When Yuri Kozyrev was covering the Arab Spring, working in Bahrain, Egypt, Libya and  Yemen for Time, instead of wiring his images direct to the magazine in New York,  he sent them first to Claudio Palmisano in Rome, who would process them  according to the photographer’s specifications, and then forward them to picture editor Patrick Witty. Palmisano is the co-founder of 10b Photography, which has been working with some of the  biggest names in photojournalism for the past five years, including Paolo Pellegrin, Finbarr O’Reilly and Marcus Bleasdale, among many others. Their work  has appeared in The New York Times, Newsweek and Russian Reporter, and they count among their clients the Nobel Peace Center, Saatchi & Saatchi, Magnum Photos, Noor and VII  Photo.
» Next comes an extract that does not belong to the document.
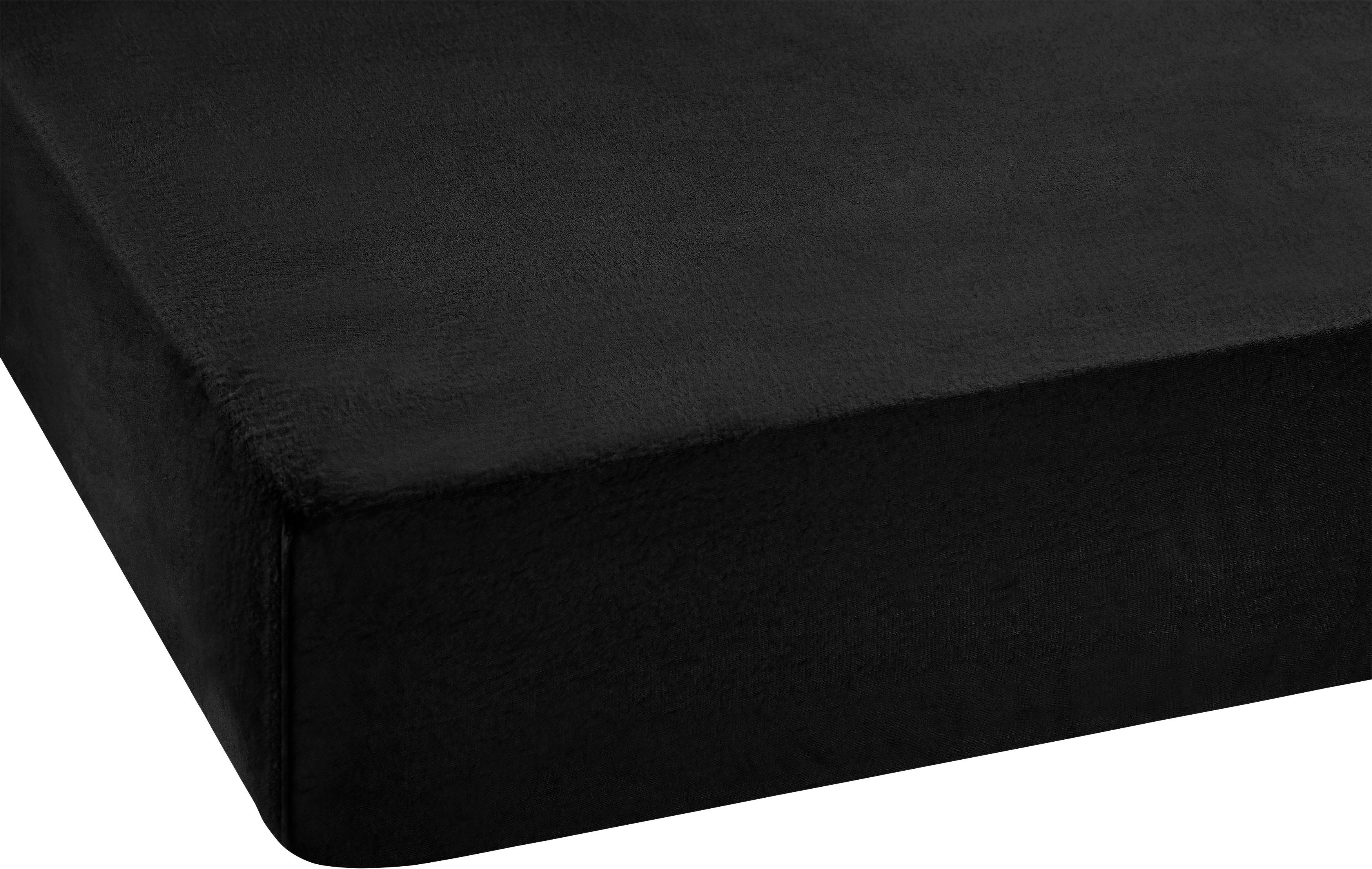 SETEX Spannbettlaken Feinbiber in Gr. 70x140, 90x200, 140x200 oder 180x200 cm, Feinbiber, Gummizug: rundum, (1 Stück), für Matratzen bis 23 cm Höhe, Winter, Bet – Bild 3 von 5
QuantcastPalmisano, who set up 10b with fellow photographer Francesco Zizola, explains  the company’s background. “It was 2006 and I had been working as a freelance  digital photo editor [alongside photography assignments] for years,” he tells BJP. “I had opened a little lab with a friend of mine, though we used  to spend more time playing online games than post-producing images. In the  meantime I had started toning images for some renowned photographers. I had worked with Paolo Pellegrin on the portfolio he submitted to Magnum Photos [to become a member], and I had also printed an exhibition by Francesco Zizola.”

Zizola, who was looking for the right place to move his Rome-based studio – “I’ve never been able to leave my hometown,” he says – came across “a  real-estate bargain”. Much bigger than what he was looking for at the time, his  new studio was in need of an idea. “I thought it over for some time and I  decided that it was worth my while, since it stirred my ambition to interpret  the new cultural and technological possibilities arising in the field of photography, especially editorial photography.” That’s when 10b was born. “I  thought of it as a laboratory where new technological, but also ethical and cultural, challenges posed by documentary photography could be experienced and  tested,” he explains. “I had in mind the same kind of photography that struck me  when I was 10; a language capable of increasing people’s awareness, but that could also withstand the contemporary debate, questioning the meaning of  historical events and denying memory. An ambitious cultural endeavour.”

Zizola was 10 years old when he was first struck by the power of photography. ”I had asked my father what ‘genocide’ meant and he showed me a black-and-white  photograph from a book portraying what the Allied Forces found when they entered  a Nazi concentration camp – a mass grave full of skeletal corpses. That picture  spoke about the horror of war and the folly of human conflicts better than a  thousand words,” he remembers. “From that day on, photography – and its power to  pierce the soul and mind, by means of the reality it portrays – has always been  by my side.”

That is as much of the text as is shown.